Two individuals, Mr. A and Mr. B having monthly Net pay of $10000 and $5000, respectively, buy a Mobile phone worth $2000, which carries a Regressive Tax in the form of Sales Tax at the rate of 10%. Thus the tax amount on the mobile phone is $200, which effectively is 2% of the income of Mr. A ($200/$10000=2%), whereas, for Mr. B, it is 4% of the income ($200/$5000=4%).
Thus, it burdens individuals with lower income more than those with higher income.
Example of Regressive Tax
ABC Limited has two employees who are paid a monthly salary of $4000 and $8000, and both pay a Payroll tax deduction of $600 and $1000, respectively. So effectively the Net Pay of two employees is $3400 and $7000 respectively.
Both of them undertake the following activities from their Net pay, as shown below:
- Consumption of goods worth $1000 and paying Sales Tax of 10%
- Purchase of Television worth $1200 and paid Value Added tax of 18%
- Availed the services of a Broking Firm worth $700 and paid a Service tax of 12%.
The below table shows the amount of Regressive Tax paid by both:
|Particulars||Employee 1||Employee 2|
|B||Sales Tax on goods consumed worth $1000 @10%||$100||$100|
|C||Value Added Tax on Television items purchased worth $1200 @18%||$216||$216|
|D||Service Tax paid on services of Broking firm worth $700 @12%||$84||$84|
|E||Total Regressive Tax paid E = (D+C+B)||$400||$400|
|F||Percent of Total Income paid as Regressive Tax F = E /A||12%||6%|
Types of Regressive Tax
Popular types of Regressive tax are usually Indirect Taxes, as enumerated below:
- Sales Tax: A common and very popular form of Regressive tax levied on goods purchased by the customer and varies based on the product; however, it remains the same for all individuals and is unaffected by the individual’s level of income. For instance, a Sales Tax of 10% is applicable on Television sets irrespective of the buyer.

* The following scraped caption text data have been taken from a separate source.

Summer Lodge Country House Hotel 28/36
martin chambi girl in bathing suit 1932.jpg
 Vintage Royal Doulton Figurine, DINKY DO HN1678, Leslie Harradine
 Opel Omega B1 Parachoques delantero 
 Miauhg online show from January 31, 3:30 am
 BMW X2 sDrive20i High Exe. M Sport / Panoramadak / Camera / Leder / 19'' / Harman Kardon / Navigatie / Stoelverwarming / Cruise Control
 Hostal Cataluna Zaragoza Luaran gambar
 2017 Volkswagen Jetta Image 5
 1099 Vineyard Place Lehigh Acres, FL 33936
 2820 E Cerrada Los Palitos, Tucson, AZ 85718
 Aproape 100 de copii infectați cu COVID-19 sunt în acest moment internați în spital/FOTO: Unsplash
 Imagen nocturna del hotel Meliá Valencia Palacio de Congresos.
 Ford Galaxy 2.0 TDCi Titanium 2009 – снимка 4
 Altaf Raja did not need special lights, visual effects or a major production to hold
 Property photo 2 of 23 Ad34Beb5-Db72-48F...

- Value Added Tax: Another Regressive type of tax that is collected at each stage of production for the value-added at each stage of the production process.
- Excise Tax: These are taxes on imported goods and are taxed differently in different jurisdictions; however, the tax rate is fixed based on the value of goods imported and other specifications.
- Tax on Gambling: These taxes also carry a fixed tax rate and are usually paid more by people in the lower-income group who opt for such activities to become overnight rich and end up paying this Regressive Tax. It usually carries a higher rate.
- Goods and Service Tax: Goods and Service tax is another type of Regressive Tax and is hugely popular for its simplicity and applicability to the end-user of the product or service. Typically GST rates are the same across the spectrum of products and services and are indifferent to the individual’s income level.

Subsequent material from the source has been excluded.